Quando il contratto di Abel Xavier stava per scadere con l’Everton, ora aveva l’idea che la sua prossima mossa sarebbe stata quella di sistemarsi a due passi da Anfield.

Xavier, che domenica ha festeggiato il suo 53esimo compleanno, è l’ultimo giocatore a trasferirsi tra Liverpool ed Everton. Doveva ancora concordare un nuovo accordo con i Toffees e così, nel gennaio 2002, gli fu permesso di andarsene.

Diversi club hanno mostrato interesse, ma alla fine ha fatto l’impensabile e ha trionfato ad Anfield per la cifra richiesta di £ 800.000.

“Quando ho capito che sarebbe stato difficile restare, ho parlato con loro (Everton) e ho detto loro che volevo essere gentile”, ha detto Xavier. L’Atlético. “Ho detto che sarei stato felice se l’Everton avesse ricevuto un risarcimento invece di perdermi gratuitamente. Tutto è stato fatto correttamente.
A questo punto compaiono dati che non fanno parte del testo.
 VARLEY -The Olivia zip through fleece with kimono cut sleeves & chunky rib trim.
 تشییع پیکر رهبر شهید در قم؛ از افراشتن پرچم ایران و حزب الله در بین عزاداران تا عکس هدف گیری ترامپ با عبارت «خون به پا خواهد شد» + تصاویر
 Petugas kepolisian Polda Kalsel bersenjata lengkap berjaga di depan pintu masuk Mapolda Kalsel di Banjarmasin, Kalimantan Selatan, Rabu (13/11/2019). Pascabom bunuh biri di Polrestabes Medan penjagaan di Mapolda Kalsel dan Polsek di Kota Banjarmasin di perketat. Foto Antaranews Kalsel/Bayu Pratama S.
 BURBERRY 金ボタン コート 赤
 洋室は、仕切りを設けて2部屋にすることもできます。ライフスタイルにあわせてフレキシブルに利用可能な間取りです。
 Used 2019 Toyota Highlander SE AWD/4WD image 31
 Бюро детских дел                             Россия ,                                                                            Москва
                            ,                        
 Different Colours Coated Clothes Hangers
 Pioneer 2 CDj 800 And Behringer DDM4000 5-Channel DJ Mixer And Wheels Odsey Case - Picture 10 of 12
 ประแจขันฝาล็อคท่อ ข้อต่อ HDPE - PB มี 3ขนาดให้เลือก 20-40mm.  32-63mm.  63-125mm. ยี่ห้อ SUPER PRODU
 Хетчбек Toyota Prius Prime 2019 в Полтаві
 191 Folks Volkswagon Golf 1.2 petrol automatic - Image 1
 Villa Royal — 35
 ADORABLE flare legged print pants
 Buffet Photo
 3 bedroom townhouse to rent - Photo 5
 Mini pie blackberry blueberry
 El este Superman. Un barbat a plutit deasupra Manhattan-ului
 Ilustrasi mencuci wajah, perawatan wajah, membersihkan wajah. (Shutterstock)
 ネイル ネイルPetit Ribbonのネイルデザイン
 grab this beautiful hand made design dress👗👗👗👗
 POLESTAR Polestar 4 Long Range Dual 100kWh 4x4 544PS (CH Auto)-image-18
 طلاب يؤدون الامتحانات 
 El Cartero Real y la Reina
Ho trattato l’Everton, il consiglio e i tifosi con rispetto”.

All’epoca, Xavier non credeva che un trasferimento da una parte all’altra della città fosse un’opzione, ma con il Liverpool che in quel momento aveva bisogno di copertura difensiva, i Reds hanno mostrato la loro mano.

“Quando è stato deciso che avrei lasciato l’Everton, non sapevo che sarei passato al Liverpool. Questa è la verità”, ha insistito Xavier. “In realtà dovevo andare in un altro club, ma è inutile parlarne perché non è successo.

“Quando (Gerard) Houllier ha capito che ero disponibile, mi ha contattato. È stata una cosa enorme passare dall’Everton al Liverpool. Nick Barmby lo aveva fatto (nel 2000). Nessuno lo ha fatto dopo di me.

“Non è stata una mossa facile. Ero diventato parte della rivalità. Ero un azzurro. Avevo aiutato l’Everton a battere il Liverpool ad Anfield ((nel settembre 1999). Poi un giorno sono diventato un rosso”.

Il fatto che il Liverpool fosse una squadra di Champions League ha aiutato Xavier a prendere una decisione. Ha detto: “In termini di obiettivi sportivi e finanziari, non avevo davvero scelta.

“Il Liverpool mi ha offerto la Champions League. Ero nazionale con il Portogallo e volevo giocare ai massimi livelli. Volevo giocare anche per Houllier.

“A quel tempo, le circostanze all’Everton e al Liverpool erano molto diverse. La mia coscienza è sempre stata in pace con la mia decisione”.